Boredom. To many an outfit, already through maneuvers, toughened physically and on the way to becoming a first-class fighting machine, the repetition of training with no immediate prospect of fighting has become monotonous. Bolstered by no feeling of being a hero, no sense of filling a breach in the nation's dike, many a civilian soldier sees his Army only as a dull job at low pay.

Officers. In units which have West Pointers or other regulars as officers, morale is generally good, but 85% of the Army's officers are Reservists or Guards men. Many of these are excellent, but a few poor officers can spoil the morale of a regiment, and there are more than a few officers in the Army who are dull, untrained, unfit as leaders -- some over-tough, some over-soft, some uninterested, some lazy.

Food. One fault of poor officers is the fact that many outfits have a just complaint against Army food.

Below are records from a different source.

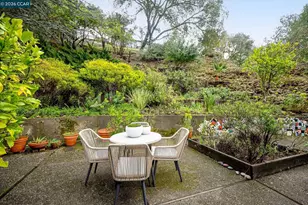 92 Evergreen Dr, Orinda, CA 94563 - Photo 29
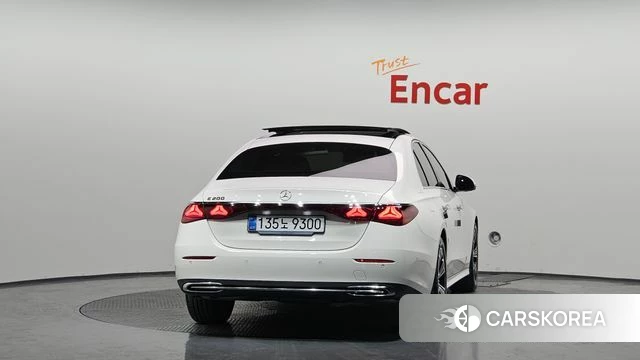 Mercedes-Benz E-Class W214 id 4185629 из Кореи 14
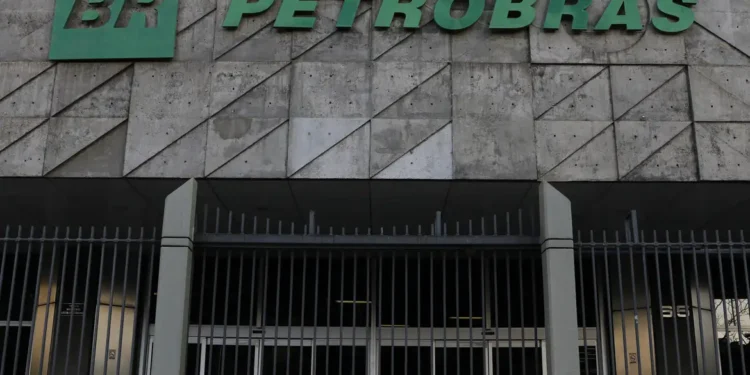 Petrobras anuncia descoberta de petróleo na Foz do Amazonas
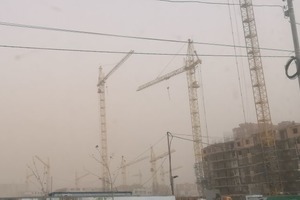 Донецк накрыла пыльная буря, на подходе еще одна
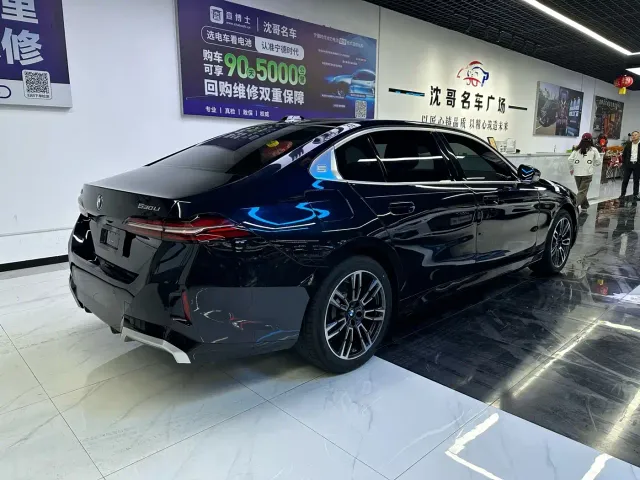 BMW 5 Series — Фото автомобиля 9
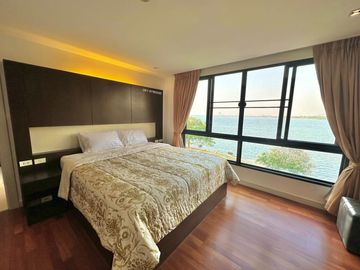 Condo for sale near the sea in Bang Phra Beautiful room, fully decorated, 1 bedroom, sea view.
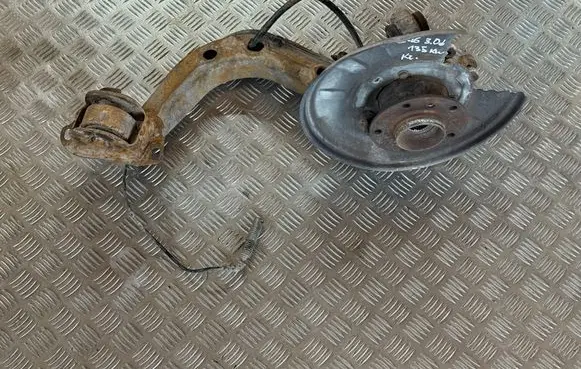 BMW 3 E46 Rear wheel hub spindle/knuckle 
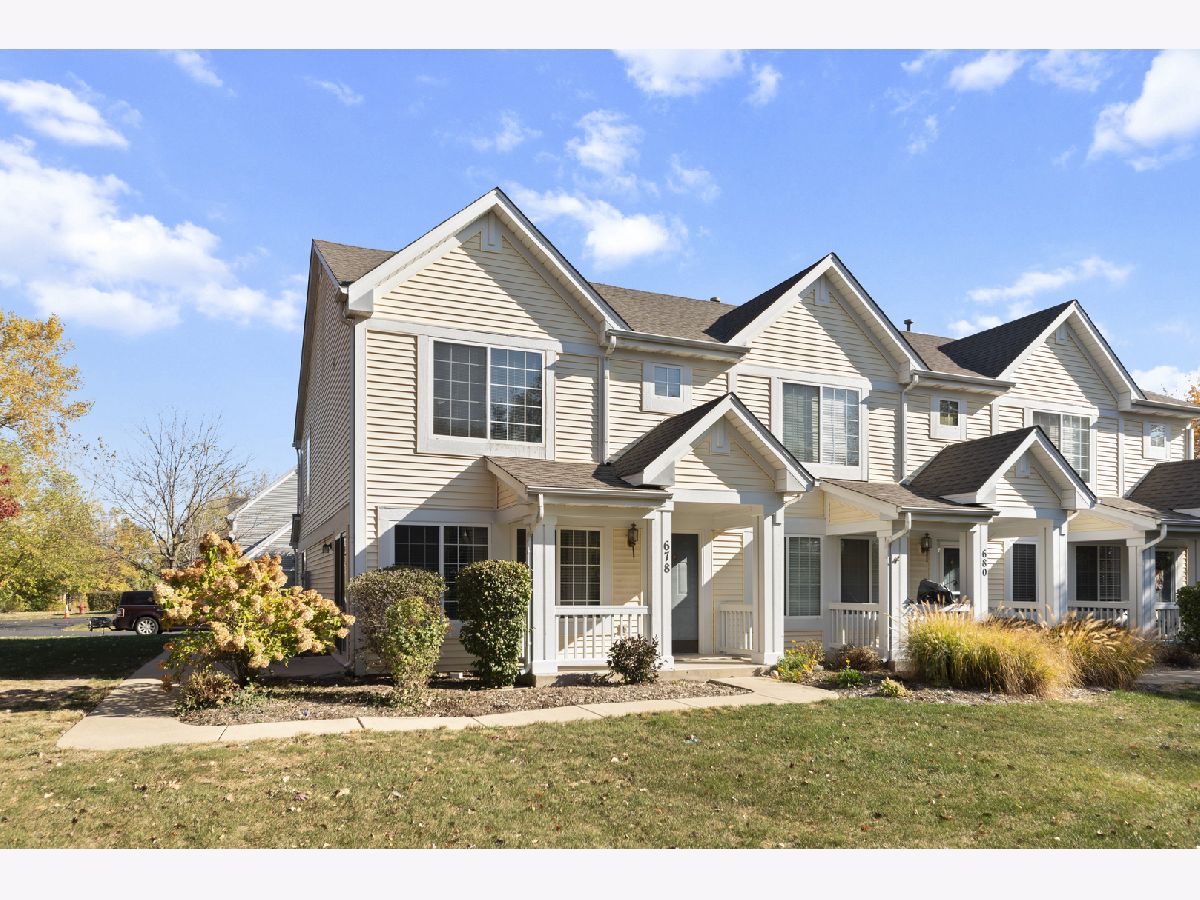 Townhomes Sold Lincoln Station Oswego Illinois, 678 Lincoln Station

When the food is procured by the Quartermaster Corps, it is the best that money can buy. When it reaches the mess table, at many a camp it is sloppy, monotonous, unappetizing even to hungry men. To be sure that food is well cooked is a responsibility of every commander, but many a commander has neglected the first fundamental of morale : good eating.

Equipment. In their early stages of training the civilian soldiers gladly played that a forked stick and a lath were a machine gun, that two wheels and a wooden barrel were an anti-tank gun; today they are tired of stage properties.

In spite of all these shortcomings, the first year's training of the raw civilian army has not been wasted. All its soldiers have profited by physical conditioning, even clerks and haberdashers have become mile-eating marchers. But its mental conditioning is still incomplete.

Said an old army sergeant: "Give us a shooting war and there won't be a morale problem." For, once all officers and men become aware how much the new army still has to learn about the art of fighting, they will know they have a job to do. Last week the civilian soldier's real complaint was that he had no worthwhile job to do.

* The Marine Corps, whose hallmark is morale, and the Navy, where morale has long been effortlessly achieved, had no such worries.